Could you retype exactly the lines below between the one holding "Image of hotel room with queen size bed" and the one holding "Navy blue cap", inclusive, leaving out any pictures?

*** Opening of Extracted information ***

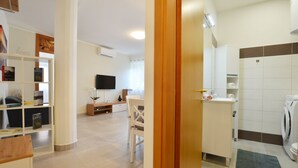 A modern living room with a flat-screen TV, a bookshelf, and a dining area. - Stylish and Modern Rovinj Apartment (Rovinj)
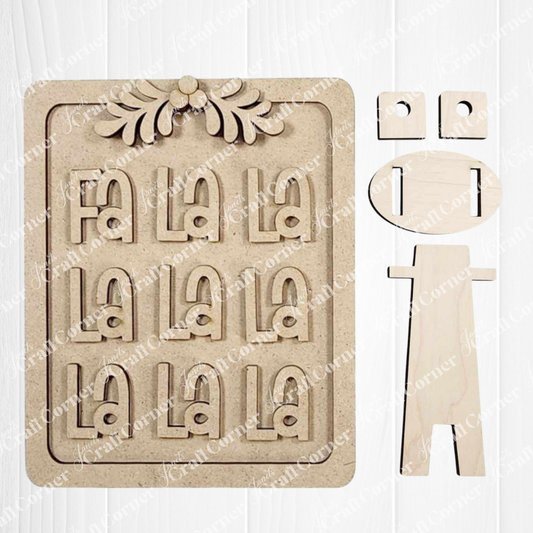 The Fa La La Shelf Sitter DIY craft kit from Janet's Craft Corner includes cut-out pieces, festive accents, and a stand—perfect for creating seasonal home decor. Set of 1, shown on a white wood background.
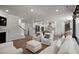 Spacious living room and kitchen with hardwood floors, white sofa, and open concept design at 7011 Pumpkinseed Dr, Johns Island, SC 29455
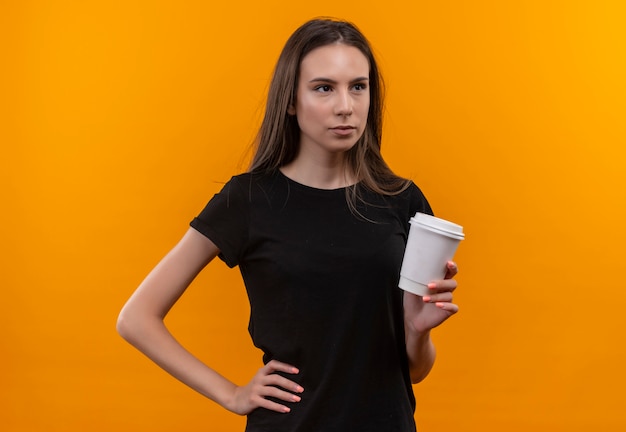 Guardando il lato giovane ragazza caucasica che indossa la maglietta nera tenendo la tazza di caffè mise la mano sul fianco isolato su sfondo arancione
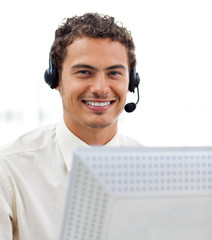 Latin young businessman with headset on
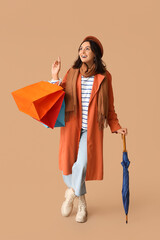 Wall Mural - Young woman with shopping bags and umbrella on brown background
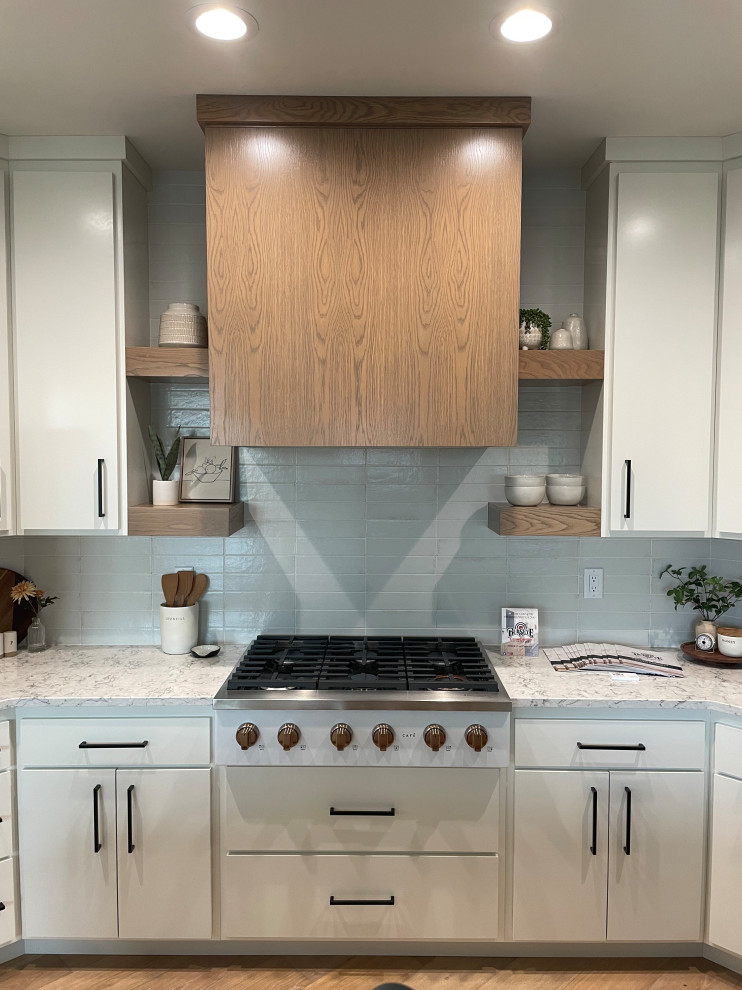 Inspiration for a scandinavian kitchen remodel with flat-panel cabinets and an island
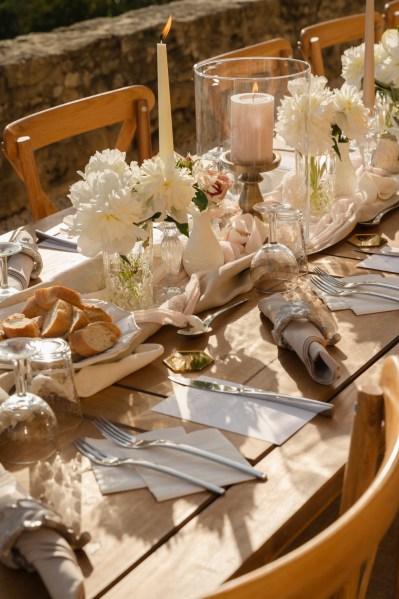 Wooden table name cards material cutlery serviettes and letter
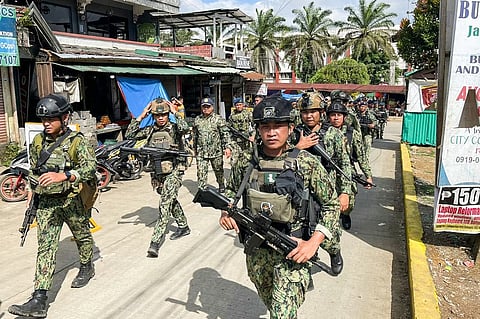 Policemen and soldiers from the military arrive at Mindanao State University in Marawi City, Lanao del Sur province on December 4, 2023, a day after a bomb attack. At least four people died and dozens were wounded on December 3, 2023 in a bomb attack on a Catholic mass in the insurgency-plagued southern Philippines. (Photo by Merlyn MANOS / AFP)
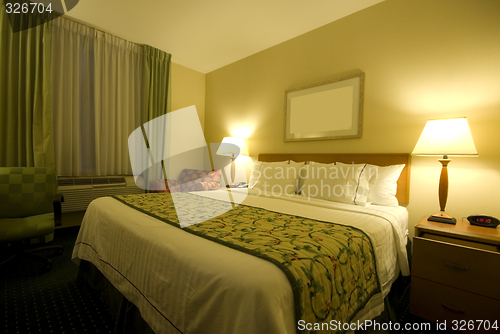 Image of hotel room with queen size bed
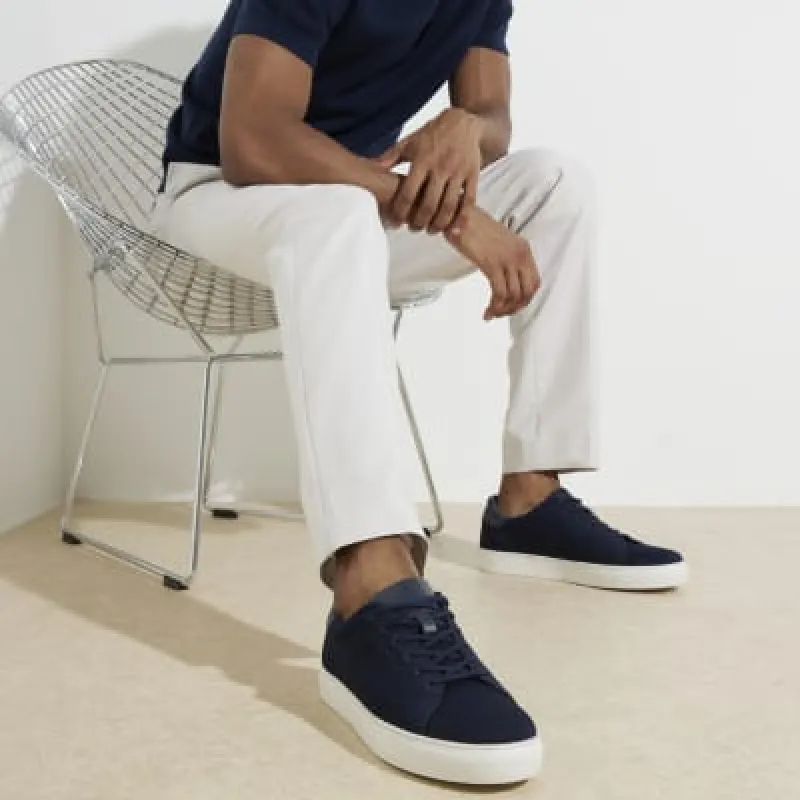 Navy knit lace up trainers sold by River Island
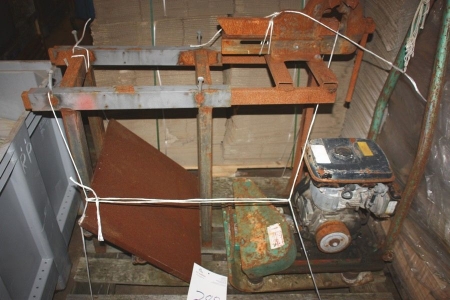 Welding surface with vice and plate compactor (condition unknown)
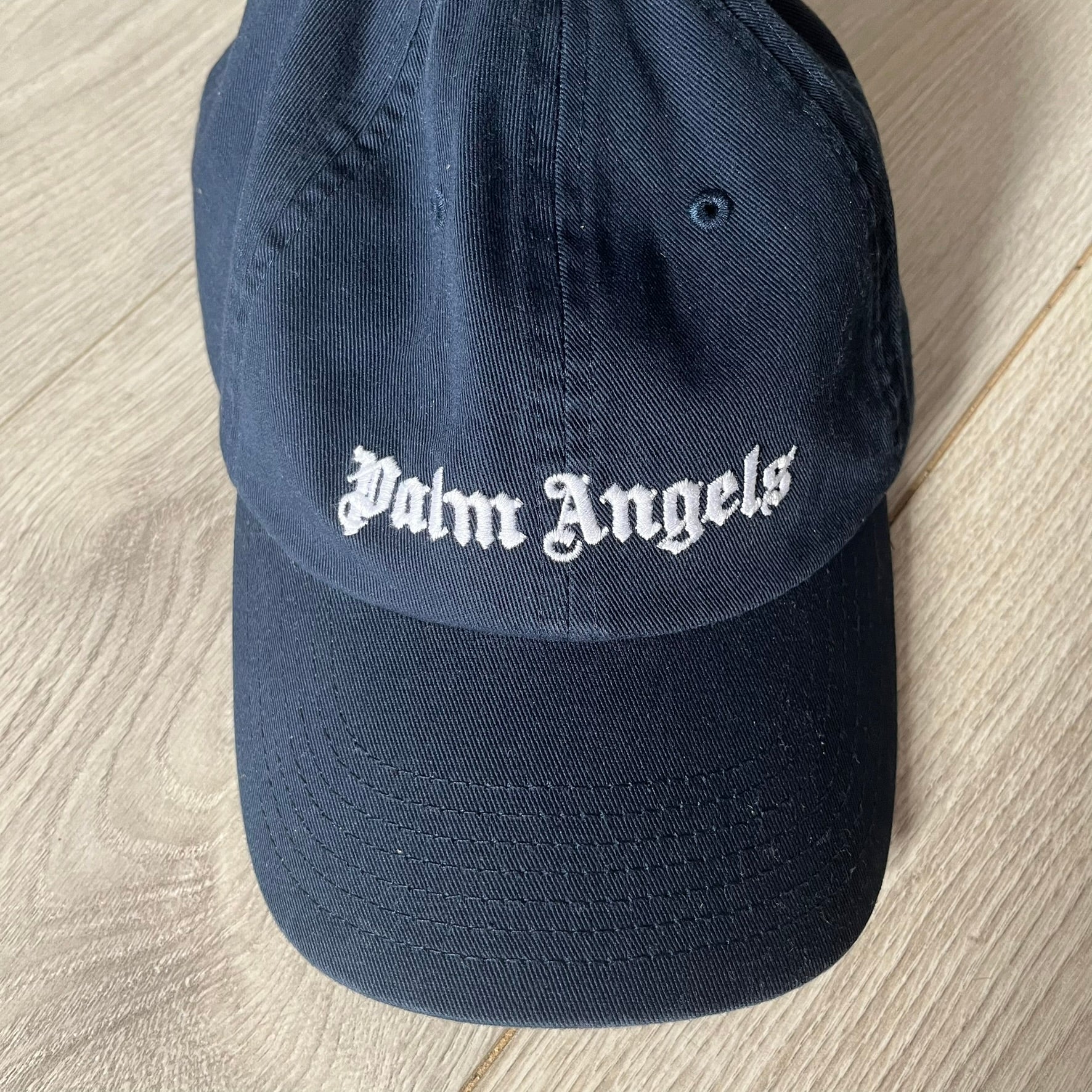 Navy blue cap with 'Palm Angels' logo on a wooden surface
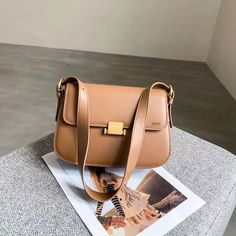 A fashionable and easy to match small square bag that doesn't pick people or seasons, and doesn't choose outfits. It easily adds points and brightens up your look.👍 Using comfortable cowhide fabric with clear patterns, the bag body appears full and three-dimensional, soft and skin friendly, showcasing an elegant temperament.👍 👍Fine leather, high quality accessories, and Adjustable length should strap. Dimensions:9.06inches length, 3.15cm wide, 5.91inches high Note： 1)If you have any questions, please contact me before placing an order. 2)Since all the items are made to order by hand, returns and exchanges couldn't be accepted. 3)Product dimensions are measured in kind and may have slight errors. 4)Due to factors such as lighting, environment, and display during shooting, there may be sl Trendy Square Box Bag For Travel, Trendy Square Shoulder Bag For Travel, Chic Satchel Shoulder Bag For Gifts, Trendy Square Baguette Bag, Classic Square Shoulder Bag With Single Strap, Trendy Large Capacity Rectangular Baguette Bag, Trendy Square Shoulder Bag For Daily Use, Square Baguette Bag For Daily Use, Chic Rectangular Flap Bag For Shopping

*** Close of Extracted information ***

* [Answer for this exercise]
 Image of hotel room with queen size bed
 Navy knit lace up trainers sold by River Island
 Welding surface with vice and plate compactor (condition unknown)
 Navy blue cap with 'Palm Angels' logo on a wooden surface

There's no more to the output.